**ACTIVITY:** Please restate exactly what appears in the records below from the first line to the line where "Set presepe composto" is, that line included.

**DATA SHOWN:**
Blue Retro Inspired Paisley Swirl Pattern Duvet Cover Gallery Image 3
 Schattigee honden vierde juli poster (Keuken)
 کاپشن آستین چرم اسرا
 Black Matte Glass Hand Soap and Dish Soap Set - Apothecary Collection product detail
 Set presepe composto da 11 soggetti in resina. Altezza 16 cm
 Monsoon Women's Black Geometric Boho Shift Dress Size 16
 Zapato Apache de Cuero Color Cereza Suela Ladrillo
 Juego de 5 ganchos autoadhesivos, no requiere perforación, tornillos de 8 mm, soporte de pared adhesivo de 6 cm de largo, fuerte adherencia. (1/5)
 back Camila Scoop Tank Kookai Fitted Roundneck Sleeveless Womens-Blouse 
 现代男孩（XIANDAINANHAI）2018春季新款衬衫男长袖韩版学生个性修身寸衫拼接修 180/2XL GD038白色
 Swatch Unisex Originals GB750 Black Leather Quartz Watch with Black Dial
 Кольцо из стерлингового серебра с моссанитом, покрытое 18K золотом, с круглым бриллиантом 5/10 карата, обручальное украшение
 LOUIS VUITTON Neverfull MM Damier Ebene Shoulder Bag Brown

**EXERCISE RESPONSE:**
Blue Retro Inspired Paisley Swirl Pattern Duvet Cover Gallery Image 3
 Schattigee honden vierde juli poster (Keuken)
 کاپشن آستین چرم اسرا
 Black Matte Glass Hand Soap and Dish Soap Set - Apothecary Collection product detail
 Set presepe composto da 11 soggetti in resina. Altezza 16 cm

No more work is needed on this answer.